风水,非迷信,是中华五千年文化的一种传承,一种传统,取其精髓,去其糟粕。
村东土场院,其实已经是一片坟莹,所谓新建的墓场;爷去过,无数棵小松树栽在那里,不死不活地生长着。
相传,亡灵与植物长势并倚;植物不死不活地生长,亡灵亦奄奄一息地游荡,后世则不旺;反之,植物长势茂盛,亡灵亦朝气蓬勃,后裔则高官富爵;这玩意儿,亦如此矫情,风水大师说的,爷信!大师还说了,北靠山南临水,这叫:背有靠山前有财源,是上好的“风水宝地”。爷为这事愁苦,平原地带,甭说山,连一粒石子都找不到,这、这、这如何是好?风水大师说万事皆有根源,只须钱财、便可破解,如何破解?来来来,钱来!钱来。最后,钱来了。风水大师悠然开腔:可找一挖掘机,把坟场南边的土挖到北边去,如此,北倚着小土堆,算作山;下雨,南有了小财源。大师的脑袋都是佛祖开了光的,哪一个不是灵光万道?琢磨着赚钱还不是张飞吃豆芽——小菜一碟?爷是头猪啊!早知如此,还不如让张飞用豆芽菜把他给拌了,怎么了?这小子愚钝,竟然把大师的“破迷”之言当放屁,大师叫他“南挖坑北堆土”,他却弄了个“南堆土北挖坑”,完美的逆袭啊!
“六指和尚”就不吃这一套,不信天不信地,不信邪不信义。按照他的意思,是不挖坑也不堆土,直接把那个风水大师採过来揍一顿拉倒,非得要挖坑也行,把大师填巴进去,压实了,让他永世不得翻身。

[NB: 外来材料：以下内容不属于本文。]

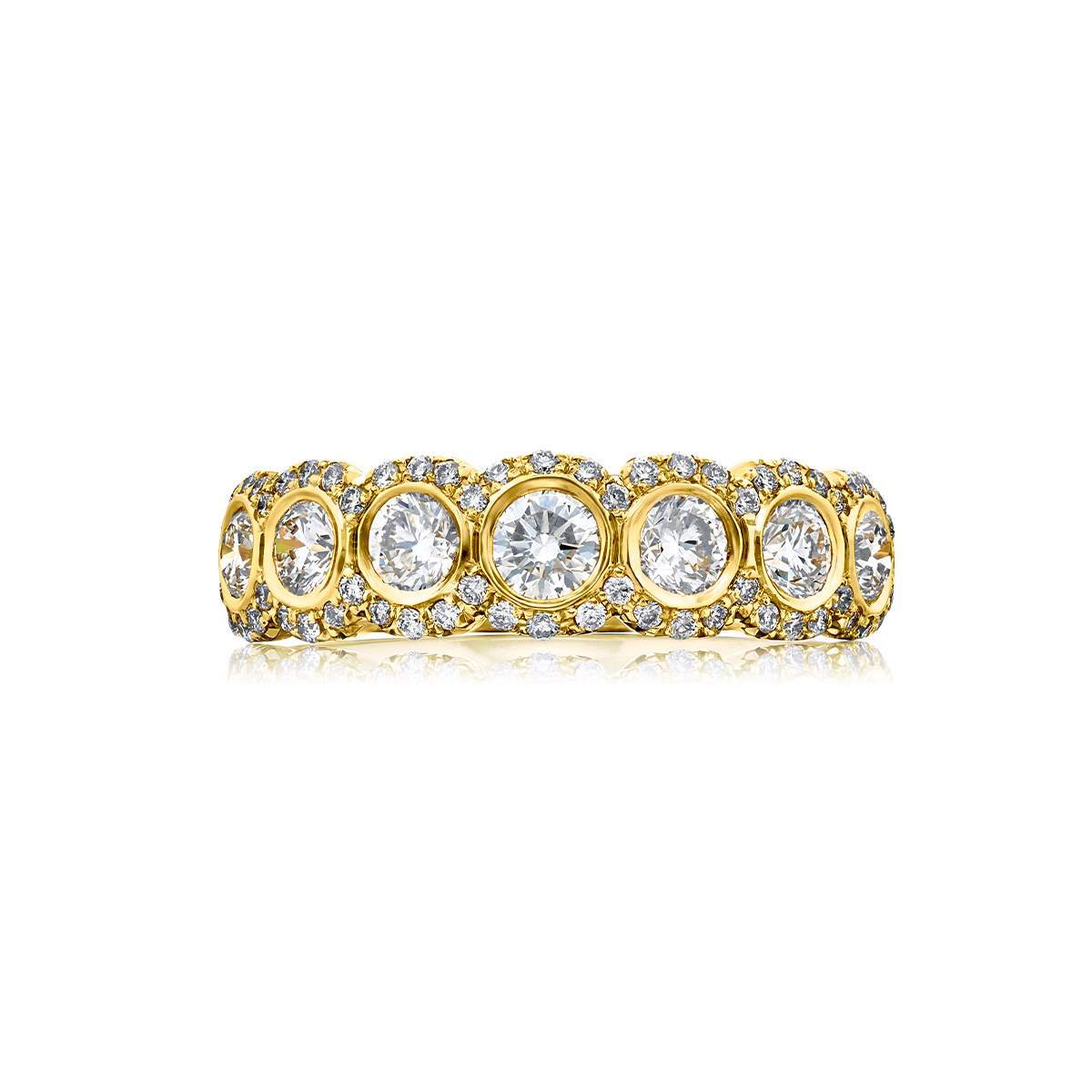 Signature Diamond Band | Seven Round-Cut Diamonds with Micro-Pave in 18K Yellow Gold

场院东北角有一口深井,140机器横担在八印锅般大小的井口上,一根三丈多长的拉带直直通向黑洞洞的井底,挂在井下抽水泵的页轮上,机器腾腾地响着,飞轮匀速转动,带动着井底的泵轮旋转,便有一股子洁白的水柱从碗口粗的泵管里喷射出来,喷到一个池子里,那些水又反转着,泛着水花,哗哗地欢唱着,从池子口涌了出来,顺着一条土堆的水渠,弯弯曲曲地流到田野深处去了,如是月色笼罩的夜晚,那水流便极为美丽,像一条银白色的缎带,镶嵌在黑黝黝的土地中间,飘飘摇摇,直到不见;或是春天的午后,麦田刚刚泛绿,一望无垠的碧绿,间隔着金黄色的土地,很像扎染师傅抖出的那块扎染布,阳光正投在那条窄窄的水流中间,磷光闪闪,水带中就洒满了无数颗玉石玛瑙,纷外夺目。

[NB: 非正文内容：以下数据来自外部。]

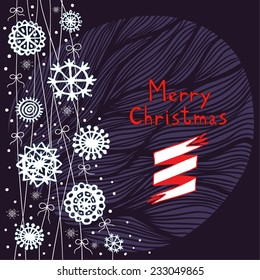 Christmas background with white snowflakes.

场院西北角有一棵树,谁都不知道那是棵什么树,太爷没见过,爷爷没听说过,爷更不晓得。那棵树有水桶般粗,离地五尺分叉,枝干苍劲有力,看上去颇为健硕,爷小时候经常爬上爬下,不知道剌坏了多少条裤子。爷知道每每到了秋天树上会结许多状如苍蝇一般的种子,那些种子,长着苍蝇一般大的身躯,也有一对像苍蝇一般大的透明的翅膀,所以爷叫它“苍蝇树”。秋末冬初,那些苍蝇种子便成熟败落了,映着艳丽的夕阳,呼应着从树梢落下来,都舒展着透明的金黄色的翅膀,旋转着轻盈的身子,像极了一只只飞舞的苍蝇,都相继落到湾沿的灌木丛里,没了声息。
那时候爷屁点儿大,就懂得欣赏这种意境之美,脑袋里就有这么丰富细腻的感性的东西,注定了将来会成为“贱手”。

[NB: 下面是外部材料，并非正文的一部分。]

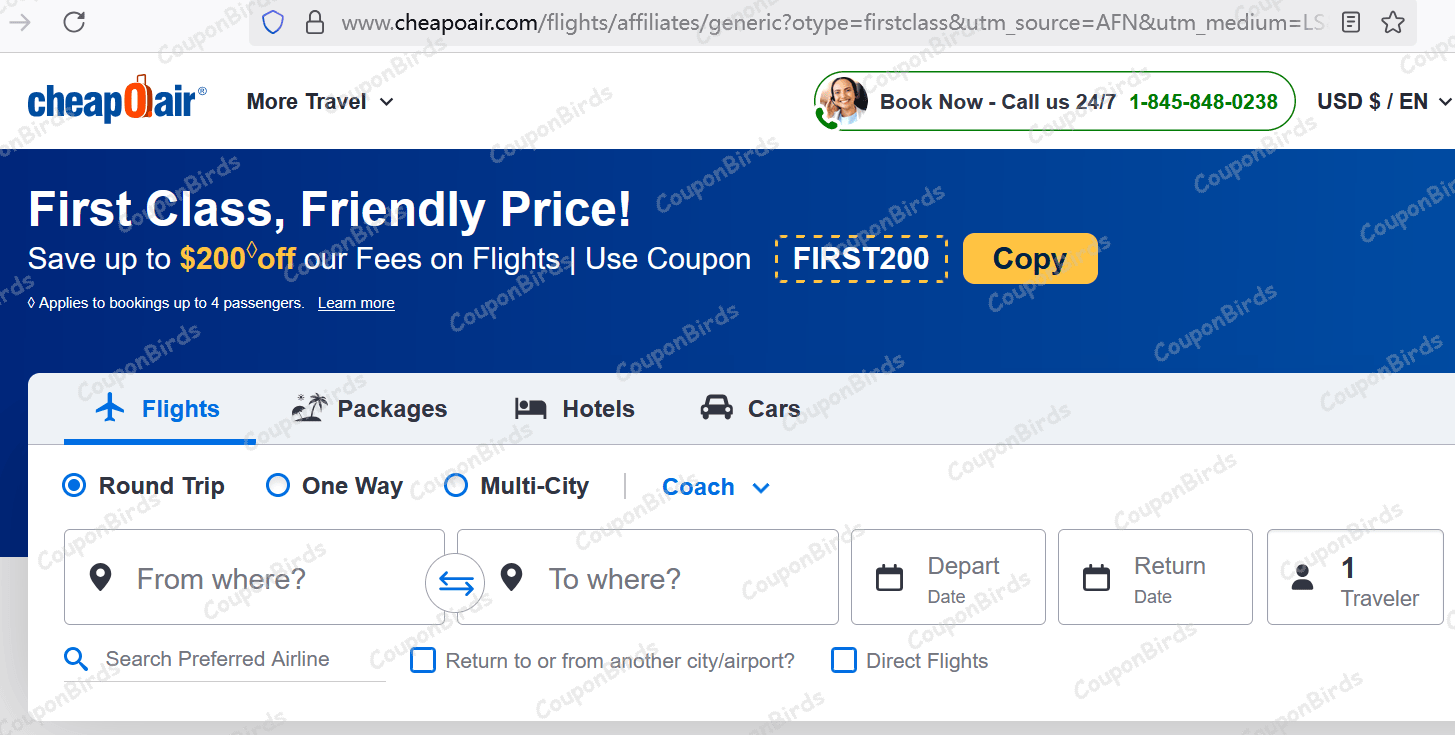 $200 CheapOair Promo Code Verification Screenshot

六指和尚倒要建房子了,场院的东侧起了一栋小土屋,很小,像个单人厕所,扁着身子塞进去,倒能躺下四个人,多余的空隙,放个屁都能把空间给撑爆了。
那夜风雨飘摇,冽风夹着雨丝斜刺地穿插着,像一支支利箭射向黄色的浮土,浮土疼了,就哭,哭得挺伤心,冒着泪泡,汇聚成水汪汪,顺着低洼向西侧的大湾里汇集而去,有哗哗的流水声,那是水流测量落差的声音,声音也愈来愈大了。能预感到屋外那种冷飕飕的寒意,映衬了小屋里那丝丝的温暖,那丝温暖便有了眷恋。爷和六指和尚挤在炕头上,门外陆续有人回来,都认得,自家人,挤在厕所般大的土屋里,进屋上炕,不然,连站的地方都没有。炕上满了,爷寻摸,只缺潘祥。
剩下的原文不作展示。